Work to complete. Each record must be printed again exactly as given.

Data section.

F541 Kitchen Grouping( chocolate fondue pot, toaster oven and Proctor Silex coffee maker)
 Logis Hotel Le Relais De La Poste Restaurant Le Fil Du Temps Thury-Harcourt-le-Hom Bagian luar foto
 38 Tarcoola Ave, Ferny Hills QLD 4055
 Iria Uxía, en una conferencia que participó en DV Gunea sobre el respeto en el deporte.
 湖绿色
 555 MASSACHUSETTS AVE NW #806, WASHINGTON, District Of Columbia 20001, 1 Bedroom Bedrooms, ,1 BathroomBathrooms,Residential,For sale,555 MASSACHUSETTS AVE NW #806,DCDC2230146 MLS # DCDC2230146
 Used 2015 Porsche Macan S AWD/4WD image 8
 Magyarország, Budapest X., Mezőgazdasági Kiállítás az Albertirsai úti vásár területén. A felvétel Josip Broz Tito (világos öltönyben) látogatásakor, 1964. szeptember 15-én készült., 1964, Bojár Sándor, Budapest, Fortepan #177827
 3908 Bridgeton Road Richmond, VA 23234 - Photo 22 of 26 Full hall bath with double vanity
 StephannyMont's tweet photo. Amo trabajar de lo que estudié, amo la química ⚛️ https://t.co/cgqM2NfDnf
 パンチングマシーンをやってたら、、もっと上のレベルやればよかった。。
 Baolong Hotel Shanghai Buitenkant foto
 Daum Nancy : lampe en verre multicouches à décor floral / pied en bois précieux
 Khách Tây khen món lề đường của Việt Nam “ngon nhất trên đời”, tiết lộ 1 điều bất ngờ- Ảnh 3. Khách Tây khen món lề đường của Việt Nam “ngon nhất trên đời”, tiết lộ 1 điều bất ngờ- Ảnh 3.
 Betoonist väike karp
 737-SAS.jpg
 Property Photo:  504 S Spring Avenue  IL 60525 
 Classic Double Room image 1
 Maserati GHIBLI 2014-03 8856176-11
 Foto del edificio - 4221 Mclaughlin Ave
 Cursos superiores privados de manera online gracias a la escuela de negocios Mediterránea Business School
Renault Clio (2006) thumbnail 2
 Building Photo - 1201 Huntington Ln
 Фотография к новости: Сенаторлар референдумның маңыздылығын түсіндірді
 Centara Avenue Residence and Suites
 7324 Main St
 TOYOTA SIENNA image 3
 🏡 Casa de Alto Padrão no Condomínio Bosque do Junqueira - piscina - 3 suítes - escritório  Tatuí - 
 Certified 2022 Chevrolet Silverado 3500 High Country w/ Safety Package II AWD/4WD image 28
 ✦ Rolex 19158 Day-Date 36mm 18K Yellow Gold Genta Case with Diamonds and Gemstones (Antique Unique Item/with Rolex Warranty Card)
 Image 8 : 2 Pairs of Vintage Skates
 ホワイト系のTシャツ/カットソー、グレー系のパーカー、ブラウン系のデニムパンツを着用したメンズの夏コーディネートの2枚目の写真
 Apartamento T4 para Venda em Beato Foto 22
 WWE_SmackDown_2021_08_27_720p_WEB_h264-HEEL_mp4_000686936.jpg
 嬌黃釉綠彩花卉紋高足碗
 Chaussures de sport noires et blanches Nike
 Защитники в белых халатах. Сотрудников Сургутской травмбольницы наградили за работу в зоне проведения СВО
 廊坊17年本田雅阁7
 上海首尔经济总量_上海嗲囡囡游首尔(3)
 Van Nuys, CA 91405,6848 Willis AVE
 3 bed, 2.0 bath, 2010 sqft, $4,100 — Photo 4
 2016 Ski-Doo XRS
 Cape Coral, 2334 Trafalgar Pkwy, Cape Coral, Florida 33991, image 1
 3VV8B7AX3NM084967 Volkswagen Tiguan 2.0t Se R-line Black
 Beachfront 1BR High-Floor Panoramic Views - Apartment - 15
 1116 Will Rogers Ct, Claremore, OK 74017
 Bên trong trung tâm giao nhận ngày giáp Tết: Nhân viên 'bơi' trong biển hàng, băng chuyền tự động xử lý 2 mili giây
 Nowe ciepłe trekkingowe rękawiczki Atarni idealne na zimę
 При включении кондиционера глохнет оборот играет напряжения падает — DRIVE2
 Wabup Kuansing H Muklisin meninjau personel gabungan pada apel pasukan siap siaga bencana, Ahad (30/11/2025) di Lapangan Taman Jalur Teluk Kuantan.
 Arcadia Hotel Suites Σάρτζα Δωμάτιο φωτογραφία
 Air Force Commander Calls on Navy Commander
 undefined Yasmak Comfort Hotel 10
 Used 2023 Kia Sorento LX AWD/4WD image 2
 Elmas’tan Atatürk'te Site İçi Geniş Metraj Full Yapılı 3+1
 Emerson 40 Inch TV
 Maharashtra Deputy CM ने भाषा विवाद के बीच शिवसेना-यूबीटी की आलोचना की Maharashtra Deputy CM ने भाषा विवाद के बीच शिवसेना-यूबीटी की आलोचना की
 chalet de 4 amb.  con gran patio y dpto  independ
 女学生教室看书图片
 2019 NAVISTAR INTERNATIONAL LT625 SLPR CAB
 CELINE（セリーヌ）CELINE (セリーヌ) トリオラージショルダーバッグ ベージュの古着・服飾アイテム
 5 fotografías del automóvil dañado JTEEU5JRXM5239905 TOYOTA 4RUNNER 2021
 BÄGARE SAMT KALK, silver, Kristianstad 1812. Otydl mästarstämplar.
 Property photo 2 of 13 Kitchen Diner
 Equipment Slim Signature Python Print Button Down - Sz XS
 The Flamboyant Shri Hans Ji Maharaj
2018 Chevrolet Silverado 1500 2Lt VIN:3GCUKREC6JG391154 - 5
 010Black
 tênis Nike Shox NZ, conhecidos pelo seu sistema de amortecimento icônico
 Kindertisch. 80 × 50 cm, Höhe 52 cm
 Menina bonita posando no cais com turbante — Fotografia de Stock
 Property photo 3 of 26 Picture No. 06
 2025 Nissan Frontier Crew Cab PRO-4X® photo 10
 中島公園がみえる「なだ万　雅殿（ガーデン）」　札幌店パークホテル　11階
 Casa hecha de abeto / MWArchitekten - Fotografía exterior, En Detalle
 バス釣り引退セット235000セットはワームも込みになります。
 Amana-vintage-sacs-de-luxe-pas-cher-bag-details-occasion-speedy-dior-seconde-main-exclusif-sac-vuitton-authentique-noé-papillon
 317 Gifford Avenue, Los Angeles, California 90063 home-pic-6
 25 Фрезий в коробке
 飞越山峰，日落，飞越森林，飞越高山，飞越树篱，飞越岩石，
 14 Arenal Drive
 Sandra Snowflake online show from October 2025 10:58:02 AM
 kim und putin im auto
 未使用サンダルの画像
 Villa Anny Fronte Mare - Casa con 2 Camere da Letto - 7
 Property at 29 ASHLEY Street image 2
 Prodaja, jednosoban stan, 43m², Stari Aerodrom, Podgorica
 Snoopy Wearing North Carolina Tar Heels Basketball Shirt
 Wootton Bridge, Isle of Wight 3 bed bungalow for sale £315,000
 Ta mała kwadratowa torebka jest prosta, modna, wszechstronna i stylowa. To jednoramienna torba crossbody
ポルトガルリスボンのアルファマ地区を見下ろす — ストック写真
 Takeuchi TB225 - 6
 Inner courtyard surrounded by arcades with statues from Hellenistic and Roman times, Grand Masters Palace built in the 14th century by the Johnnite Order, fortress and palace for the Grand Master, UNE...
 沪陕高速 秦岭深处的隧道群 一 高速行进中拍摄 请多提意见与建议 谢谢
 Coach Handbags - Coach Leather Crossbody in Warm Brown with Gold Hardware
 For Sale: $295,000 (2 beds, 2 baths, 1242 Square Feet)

Solution to the problem.
F541 Kitchen Grouping( chocolate fondue pot, toaster oven and Proctor Silex coffee maker)
 Logis Hotel Le Relais De La Poste Restaurant Le Fil Du Temps Thury-Harcourt-le-Hom Bagian luar foto
 38 Tarcoola Ave, Ferny Hills QLD 4055
 Iria Uxía, en una conferencia que participó en DV Gunea sobre el respeto en el deporte.
 湖绿色
 555 MASSACHUSETTS AVE NW #806, WASHINGTON, District Of Columbia 20001, 1 Bedroom Bedrooms, ,1 BathroomBathrooms,Residential,For sale,555 MASSACHUSETTS AVE NW #806,DCDC2230146 MLS # DCDC2230146
 Used 2015 Porsche Macan S AWD/4WD image 8
 Magyarország, Budapest X., Mezőgazdasági Kiállítás az Albertirsai úti vásár területén. A felvétel Josip Broz Tito (világos öltönyben) látogatásakor, 1964. szeptember 15-én készült., 1964, Bojár Sándor, Budapest, Fortepan #177827
 3908 Bridgeton Road Richmond, VA 23234 - Photo 22 of 26 Full hall bath with double vanity
 StephannyMont's tweet photo. Amo trabajar de lo que estudié, amo la química ⚛️ https://t.co/cgqM2NfDnf
 パンチングマシーンをやってたら、、もっと上のレベルやればよかった。。
 Baolong Hotel Shanghai Buitenkant foto
 Daum Nancy : lampe en verre multicouches à décor floral / pied en bois précieux
 Khách Tây khen món lề đường của Việt Nam “ngon nhất trên đời”, tiết lộ 1 điều bất ngờ- Ảnh 3. Khách Tây khen món lề đường của Việt Nam “ngon nhất trên đời”, tiết lộ 1 điều bất ngờ- Ảnh 3.
 Betoonist väike karp
 737-SAS.jpg
 Property Photo:  504 S Spring Avenue  IL 60525 
 Classic Double Room image 1
 Maserati GHIBLI 2014-03 8856176-11
 Foto del edificio - 4221 Mclaughlin Ave
 Cursos superiores privados de manera online gracias a la escuela de negocios Mediterránea Business School
Renault Clio (2006) thumbnail 2
 Building Photo - 1201 Huntington Ln
 Фотография к новости: Сенаторлар референдумның маңыздылығын түсіндірді
 Centara Avenue Residence and Suites
 7324 Main St
 TOYOTA SIENNA image 3
 🏡 Casa de Alto Padrão no Condomínio Bosque do Junqueira - piscina - 3 suítes - escritório  Tatuí - 
 Certified 2022 Chevrolet Silverado 3500 High Country w/ Safety Package II AWD/4WD image 28
 ✦ Rolex 19158 Day-Date 36mm 18K Yellow Gold Genta Case with Diamonds and Gemstones (Antique Unique Item/with Rolex Warranty Card)
 Image 8 : 2 Pairs of Vintage Skates
 ホワイト系のTシャツ/カットソー、グレー系のパーカー、ブラウン系のデニムパンツを着用したメンズの夏コーディネートの2枚目の写真
 Apartamento T4 para Venda em Beato Foto 22
 WWE_SmackDown_2021_08_27_720p_WEB_h264-HEEL_mp4_000686936.jpg
 嬌黃釉綠彩花卉紋高足碗
 Chaussures de sport noires et blanches Nike
 Защитники в белых халатах. Сотрудников Сургутской травмбольницы наградили за работу в зоне проведения СВО
 廊坊17年本田雅阁7
 上海首尔经济总量_上海嗲囡囡游首尔(3)
 Van Nuys, CA 91405,6848 Willis AVE
 3 bed, 2.0 bath, 2010 sqft, $4,100 — Photo 4
 2016 Ski-Doo XRS
 Cape Coral, 2334 Trafalgar Pkwy, Cape Coral, Florida 33991, image 1
 3VV8B7AX3NM084967 Volkswagen Tiguan 2.0t Se R-line Black
 Beachfront 1BR High-Floor Panoramic Views - Apartment - 15
 1116 Will Rogers Ct, Claremore, OK 74017
 Bên trong trung tâm giao nhận ngày giáp Tết: Nhân viên 'bơi' trong biển hàng, băng chuyền tự động xử lý 2 mili giây
 Nowe ciepłe trekkingowe rękawiczki Atarni idealne na zimę
 При включении кондиционера глохнет оборот играет напряжения падает — DRIVE2
 Wabup Kuansing H Muklisin meninjau personel gabungan pada apel pasukan siap siaga bencana, Ahad (30/11/2025) di Lapangan Taman Jalur Teluk Kuantan.
 Arcadia Hotel Suites Σάρτζα Δωμάτιο φωτογραφία
 Air Force Commander Calls on Navy Commander
 undefined Yasmak Comfort Hotel 10
 Used 2023 Kia Sorento LX AWD/4WD image 2
 Elmas’tan Atatürk'te Site İçi Geniş Metraj Full Yapılı 3+1
 Emerson 40 Inch TV
 Maharashtra Deputy CM ने भाषा विवाद के बीच शिवसेना-यूबीटी की आलोचना की Maharashtra Deputy CM ने भाषा विवाद के बीच शिवसेना-यूबीटी की आलोचना की
 chalet de 4 amb.  con gran patio y dpto  independ
 女学生教室看书图片
 2019 NAVISTAR INTERNATIONAL LT625 SLPR CAB
 CELINE（セリーヌ）CELINE (セリーヌ) トリオラージショルダーバッグ ベージュの古着・服飾アイテム
 5 fotografías del automóvil dañado JTEEU5JRXM5239905 TOYOTA 4RUNNER 2021
 BÄGARE SAMT KALK, silver, Kristianstad 1812. Otydl mästarstämplar.
 Property photo 2 of 13 Kitchen Diner
 Equipment Slim Signature Python Print Button Down - Sz XS
 The Flamboyant Shri Hans Ji Maharaj
2018 Chevrolet Silverado 1500 2Lt VIN:3GCUKREC6JG391154 - 5
 010Black
 tênis Nike Shox NZ, conhecidos pelo seu sistema de amortecimento icônico
 Kindertisch. 80 × 50 cm, Höhe 52 cm
 Menina bonita posando no cais com turbante — Fotografia de Stock
 Property photo 3 of 26 Picture No. 06
 2025 Nissan Frontier Crew Cab PRO-4X® photo 10
 中島公園がみえる「なだ万　雅殿（ガーデン）」　札幌店パークホテル　11階
 Casa hecha de abeto / MWArchitekten - Fotografía exterior, En Detalle
 バス釣り引退セット235000セットはワームも込みになります。
 Amana-vintage-sacs-de-luxe-pas-cher-bag-details-occasion-speedy-dior-seconde-main-exclusif-sac-vuitton-authentique-noé-papillon
 317 Gifford Avenue, Los Angeles, California 90063 home-pic-6
 25 Фрезий в коробке
 飞越山峰，日落，飞越森林，飞越高山，飞越树篱，飞越岩石，
 14 Arenal Drive
 Sandra Snowflake online show from October 2025 10:58:02 AM
 kim und putin im auto
 未使用サンダルの画像
 Villa Anny Fronte Mare - Casa con 2 Camere da Letto - 7
 Property at 29 ASHLEY Street image 2
 Prodaja, jednosoban stan, 43m², Stari Aerodrom, Podgorica
 Snoopy Wearing North Carolina Tar Heels Basketball Shirt
 Wootton Bridge, Isle of Wight 3 bed bungalow for sale £315,000
 Ta mała kwadratowa torebka jest prosta, modna, wszechstronna i stylowa. To jednoramienna torba crossbody
ポルトガルリスボンのアルファマ地区を見下ろす — ストック写真
 Takeuchi TB225 - 6
 Inner courtyard surrounded by arcades with statues from Hellenistic and Roman times, Grand Masters Palace built in the 14th century by the Johnnite Order, fortress and palace for the Grand Master, UNE...
 沪陕高速 秦岭深处的隧道群 一 高速行进中拍摄 请多提意见与建议 谢谢
 Coach Handbags - Coach Leather Crossbody in Warm Brown with Gold Hardware
 For Sale: $295,000 (2 beds, 2 baths, 1242 Square Feet)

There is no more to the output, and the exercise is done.